Release Notes

Released October 28

  • New device: Snapdragon 8 Elite was announced at Snapdragon Summit and is available for all users by specifying device = hub.Device("Snapdragon 8 Elite QRD")

  • New device: The automotive device, Snapdragon Cockpit Gen 4 (SA8295P) is now ready to use in AI Hub. Select it with --device "SA8295P ADP" --device-os 14.

  • Once you’ve signed in to AI Hub with SSO, you will automatically be re-directed to the page of interest

Released October 14

  • (Beta) Qualcomm AI Hub now enables converting float32 models to use integer numerics (e.g. int8, int16). This beta feature can be used via the submit_quantize_job API to quantize a PyTorch model. Check out more details and examples in our documentation.

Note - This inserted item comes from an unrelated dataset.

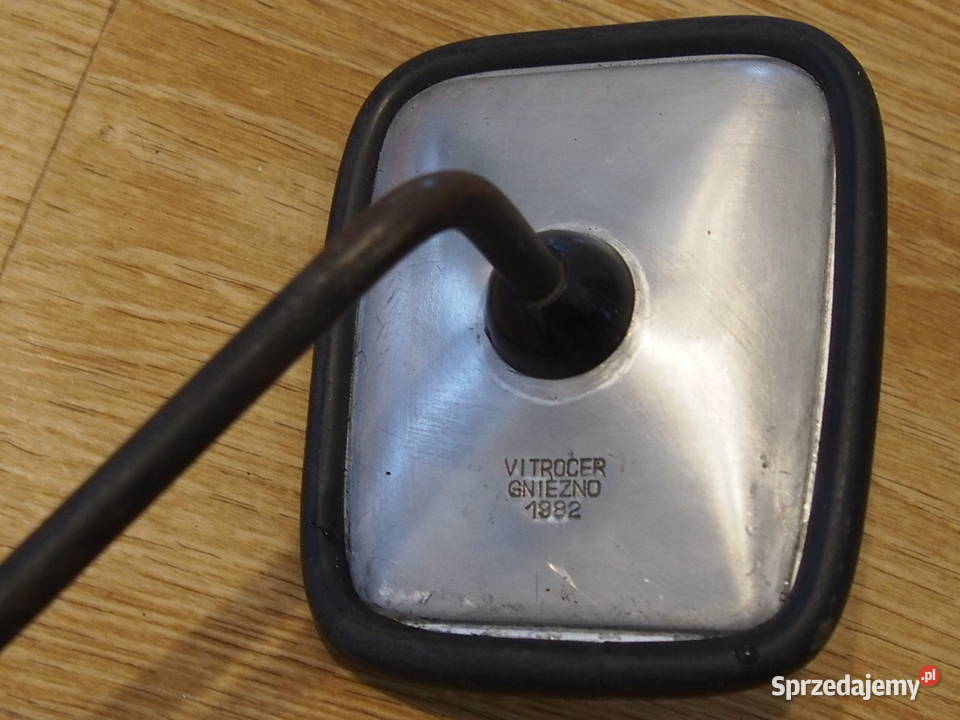 KOMAR ROMET LUSTERKO GNIEZNO 1982 Szewna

  • Int64 is now supported (both inference and profiling jobs)!

  • Upgraded to QNN 2.27

Released October 7

  • Improved support for rank-0 (scalar) tensors in inference jobs.

  • Update job states when a job is submitted (and fixed a pesky UI bug) to give more clarity around the stage your job is in.

  • Improved error messages in many cases, including: use of data types not supported by the profiler, invalid TFLite model files and out of memory errors on many devices.

  • Client version 0.17.0 pip install qai-hub==0.17.0 was released, this includes fixes for HTTP retries that should make uploading and downloading data much more reliable!

  • New device support! You can now launch jobs and target the Snapdragon X Plus on AI Hub by specifying device = hub.Device("Snapdragon X Plus 8-Core CRD")

Released September 23

  • The chipset attribute for all proxy devices has been renamed to include the suffix -proxy. For example, chipset:qualcomm-qcs6490 is now chipset:qualcomm-qcs6490-proxy. Device names remain unchanged.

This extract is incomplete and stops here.